I have never in my life wished for another man to fuck a pig and get caught more than I do right now. Except that if he did, if there was some Austin Gullette protege out there, he wouldn't make the news unless he was running for Congress. And even then, they'd get confused over the term "pork-barrel". The news is 80% politics, 20% Iraq, with a 15 percent overlap of Iraq/Politics. If Ashlee Simpson had appeared on SNL three weeks from now, her story wouldn't have petered out in less than a week. Thank goodness for small favors.

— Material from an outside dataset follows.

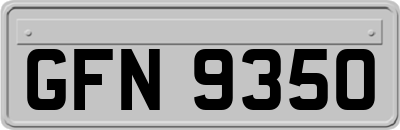 GFN9350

Anyway, they say that all politics are local. And I say that all politics are fucking stupid. By applying the Fucking Stupid Commutative Principle, then, we find that all local politics are fucking stupid. But now we need evidence to back up our theory. Can we discover any? Let's find out together.
ILLINOIS: You've heard of Illinois. That's where Barack Obama is giving Alan Keyes the kind of man-spanking Keyes professes to hate, but secretly loves. Only it's in the polls. But you may be surprised to know that there are other politicians in Illinois, some of them potentially almost as dumb as Keyes.

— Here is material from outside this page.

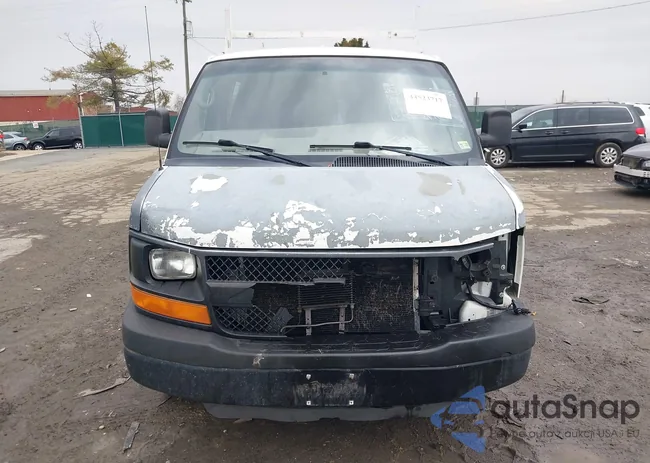 1GCZGFBA4A1151284: 44523717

Jerry Weller, a Republican congressman from Illinois, is being challenged by Tari Renner, head of the poli-sci department at Illinois Wesleyan U. Weller, like some high school jock filled with roid rage, apparently feels the need to refer to his opponent as "the professor" at every opportunity, although there is no evidence as yet that Weller's campaign literature features crudely-drawn caricatures of Renner in a cap, gown, and big glasses. Weller, who is engaged to marry the daughter of a genocidal Guatemalan ex-dictator after the election, also is telling people that because some fringe anti-drug-war website "endorsed" Renner, that Renner is PRO-HEROIN. That entire preceding sentence is 100% true, especially the part about the dictator's daughter. I know. Even as I typed it, I thought to myself, "Damn, I'm making up some funny shit... wait, this is the TRUE part!"
KENTUCKY: Still, that's nothing compared to Kentucky, where Senator Jim Bunning is suddenly fighting for his career after going what many independent observers are calling COMPLETELY FUCKING NUTSO. He accused Democrats of beating his wife. He repeatedly changed the rules of his one debate with his opponent Daniel Mongiardo, performing his half of the debate on video from Washington, D.C., in an RNC studio, with no independent observers present. And he STILL got caught breaking the rules by using a teleprompter.

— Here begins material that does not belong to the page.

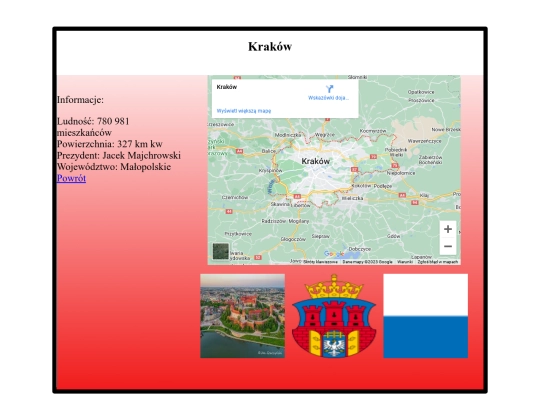 krk screenshot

Faced with trouble, Bunning's camp did what any self-respecting Kentucky Republican would do. Called his opponent a queer little faggot who likes to fuck other men in the ass. Not in so many words, of course. This is Kentucky 2004, not Kentucky 1992! They've moved out of the Dark Ages, people. No, instead, David Williams, president of the state senate, made the point with subtlety and class. It's ACTUAL HOMOPHOBE-BAITING QUOTE TIME!
"What a shame it would be if we traded the strong left hand of Jim Bunning -- the punch that he has -- for the limp wrist of Mongiardo. [Bunning is] fully capable of still throwing that hard pitch from the mound. And his opponent is a switch-hitter who doesn't know if he's on the left or the right."
See? It's a baseball metaphor! 'Cause Bunning used to play major-league baseball, which is 100% straight and American. Williams, of course, denied that his statement was meant in a sexual way, and to give him the benefit of the doubt, allow me to list all the various connotations and meanings the term "limp wrist" has that do not apply to homosexual slurs.
There, I'm done.
MINNESOTA: And how much more local can you get than my own back yard? In our own Sixth District, just a ways north of me, Republican Mark Kennedy is staving off a challenge from Patty Wetterling, who rose to prominence after her son was abducted in 1989. Kennedy, who is apparently a bit of a complete asshole, started running ads that accused Wetterling of having "latched on to radical extremist groups".
My heavens! Did she visit a Hezbollah training camp? Join PETA? Was she, in fact, an Al Qaeda deep-cover mole, and her so-called "abducted son" was actually a DIRTY BOMB? No. "Latched on to radical extremist groups", translated from Asshole Politician into English, comes out as "Received support and money from MOVEON.ORG". Folks, if MoveOn is a radical extremist group, then Habitat for Humanity is the Symbionese Liberation Army.
So, over the next five days, as you look at the presidential election and despair at the state of politics, take heart in the knowledge that it gets much, much worse the farther you move down the ticket.